Wednesday, May 23, 2012

Vegetable Profile: Broccoli and Calabrese


The spring I’ve had more than one visitor look at my purple sprouting broccoli covered in mature buds and question, “Where’s the broccoli?”  I explained that all those small purple sprouts were the broccoli.  That gave me the idea of doing a new series of posts delving into the details of different crops.  I have a number of books that have helped us along the way to understand how different crops are related to each other.  So, here’s what I’ve gleaned about broccoli.
Purple Sprouting Broccoli
First of all I’d like to say that taxonomists don’t all agree on how to classify the different types of broccoli.  I’m going to primarily use information from my books that were published in the UK, since broccoli was developed in Europe. 

Broccoli is in the Brassica (Cabbage) family.  It was developed from the wild cabbage in the 17th century in Italy.  The part we know as broccoli at the grocery store is the flower bud.  All brassicas will form flower buds which is troubling if you are trying to grow a cabbage to harvest.  (If you’ve had cabbage “bolt” you know what I mean.)  Broccoli varieties have been breed to form nice flower buds for harvesting.  Broccoli varieties are divided into sprouting types and heading types.  They are cultivated in different ways.

Sprouting Broccoli (Brassica oleracea Cymosa Group)(Purple Sprouting)
This group is very hardy and makes an excellent winter crop.  The flower buds are typically purple, but there are cream white varieties.  The flower buds form on both the top of the plant and on side shoots.  They produce over a long season from early winter to late spring.  We planted our purple sprouting broccoli in late august and was harvesting from early March to late May.

Heading Broccoli (Brassica oleracea Italica Group)(Calabrese, Green Sprouting Broccoli, Italian or American Broccoli)
This group produces a large central head and is what one typically thinks of as Broccoli.  Some varieties produce sideshoots after the main head is harvested.  Romanesco (Roman broccoli) is another form of heading broccoli that is cone shaped with smaller conical whorls on the surface.  Heading broccoli can be successively planted from early spring to mid summer, for harvesting from summer to fall.  In a mild winter a young plant may survive to produce heads in the spring, but it is much less hardy than the purple sprouting types and may not make it.

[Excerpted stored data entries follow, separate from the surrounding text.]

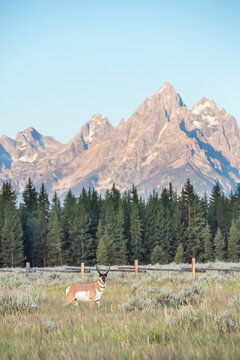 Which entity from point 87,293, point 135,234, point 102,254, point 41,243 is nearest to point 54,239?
point 41,243

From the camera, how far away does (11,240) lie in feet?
195

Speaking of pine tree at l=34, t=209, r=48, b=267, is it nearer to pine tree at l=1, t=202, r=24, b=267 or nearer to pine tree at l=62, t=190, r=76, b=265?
pine tree at l=62, t=190, r=76, b=265

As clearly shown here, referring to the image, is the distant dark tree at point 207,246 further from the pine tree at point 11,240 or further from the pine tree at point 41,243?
the pine tree at point 11,240

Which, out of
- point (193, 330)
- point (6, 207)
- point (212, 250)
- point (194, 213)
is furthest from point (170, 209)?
point (193, 330)

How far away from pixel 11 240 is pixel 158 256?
89.0 feet

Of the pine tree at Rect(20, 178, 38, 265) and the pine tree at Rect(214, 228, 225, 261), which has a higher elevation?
the pine tree at Rect(20, 178, 38, 265)

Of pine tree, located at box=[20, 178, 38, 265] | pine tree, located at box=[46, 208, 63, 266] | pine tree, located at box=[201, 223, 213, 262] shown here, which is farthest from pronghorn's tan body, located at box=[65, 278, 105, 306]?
pine tree, located at box=[201, 223, 213, 262]

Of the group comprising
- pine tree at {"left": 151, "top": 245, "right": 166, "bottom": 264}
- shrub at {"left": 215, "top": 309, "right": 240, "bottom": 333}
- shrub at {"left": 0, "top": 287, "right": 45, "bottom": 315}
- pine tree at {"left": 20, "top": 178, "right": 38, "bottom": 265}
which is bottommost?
pine tree at {"left": 151, "top": 245, "right": 166, "bottom": 264}

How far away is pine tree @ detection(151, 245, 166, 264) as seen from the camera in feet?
228

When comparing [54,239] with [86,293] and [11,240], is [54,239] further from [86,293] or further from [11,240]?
[86,293]

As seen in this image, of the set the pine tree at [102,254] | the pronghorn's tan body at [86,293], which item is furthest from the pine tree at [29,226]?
the pronghorn's tan body at [86,293]

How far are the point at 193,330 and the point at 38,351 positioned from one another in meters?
1.93

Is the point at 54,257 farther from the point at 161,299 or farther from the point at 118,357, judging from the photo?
the point at 118,357

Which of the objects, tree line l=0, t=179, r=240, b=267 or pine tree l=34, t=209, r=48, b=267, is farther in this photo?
pine tree l=34, t=209, r=48, b=267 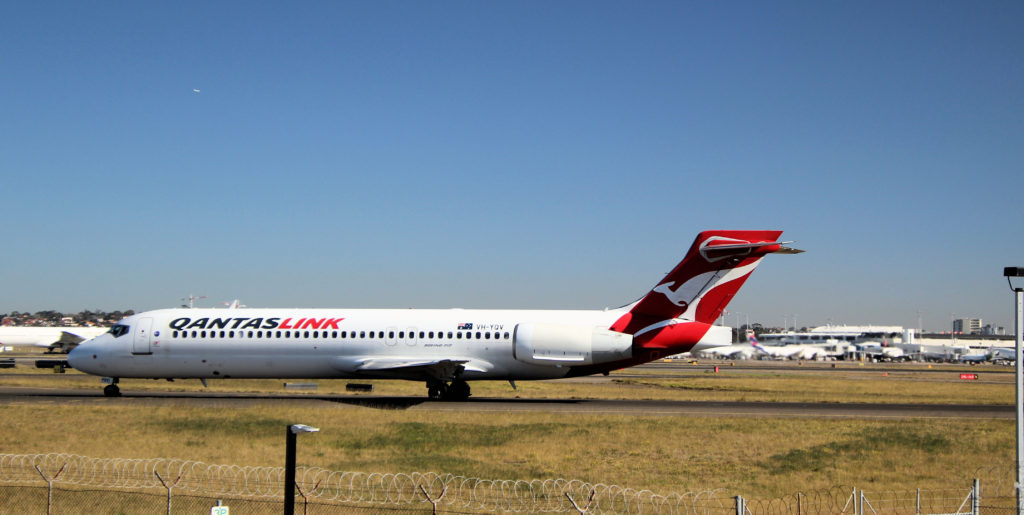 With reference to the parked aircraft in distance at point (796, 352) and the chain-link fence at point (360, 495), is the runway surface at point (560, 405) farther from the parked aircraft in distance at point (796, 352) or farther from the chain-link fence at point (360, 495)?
the parked aircraft in distance at point (796, 352)

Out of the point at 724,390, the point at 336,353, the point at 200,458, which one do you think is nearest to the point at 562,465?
the point at 200,458

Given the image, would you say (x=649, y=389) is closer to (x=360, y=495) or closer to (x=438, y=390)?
(x=438, y=390)

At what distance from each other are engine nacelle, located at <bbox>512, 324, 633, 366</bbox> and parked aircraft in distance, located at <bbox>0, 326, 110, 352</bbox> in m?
78.1

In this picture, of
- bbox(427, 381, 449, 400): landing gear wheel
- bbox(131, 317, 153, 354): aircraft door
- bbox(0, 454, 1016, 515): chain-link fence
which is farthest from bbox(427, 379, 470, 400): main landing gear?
bbox(0, 454, 1016, 515): chain-link fence

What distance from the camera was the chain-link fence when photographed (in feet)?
52.1

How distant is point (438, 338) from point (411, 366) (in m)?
1.76

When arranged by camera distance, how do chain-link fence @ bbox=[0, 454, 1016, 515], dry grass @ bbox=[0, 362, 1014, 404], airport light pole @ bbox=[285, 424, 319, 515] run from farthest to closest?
dry grass @ bbox=[0, 362, 1014, 404], chain-link fence @ bbox=[0, 454, 1016, 515], airport light pole @ bbox=[285, 424, 319, 515]

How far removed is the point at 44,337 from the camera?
99.7 m

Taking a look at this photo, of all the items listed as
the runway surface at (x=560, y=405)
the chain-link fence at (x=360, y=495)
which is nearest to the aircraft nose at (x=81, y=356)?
the runway surface at (x=560, y=405)

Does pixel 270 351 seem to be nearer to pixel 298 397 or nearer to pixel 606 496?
pixel 298 397

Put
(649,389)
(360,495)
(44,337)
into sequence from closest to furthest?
(360,495) < (649,389) < (44,337)

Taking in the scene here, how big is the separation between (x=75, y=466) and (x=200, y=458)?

To make matters more confusing there are also types of Chinese broccoli and Broccoli rabe.  I’ve never grown Chinese broccoli, so I don’t have much to write about that.  Broccoli rabe is super easy to grow and is popular in Italy.  It is grown for its greens, stalks, and tangy flower buds.  It has a very strong flavor with the bitterness common in greens.  Broccoli rabe is very hardy and can be overwintered.  We only grew it once and found that we prefer the taste of kale and purple broccoli for our winter crops.  But, it is one for those easy crops that everyone should try at least once.  Plant in early fall. 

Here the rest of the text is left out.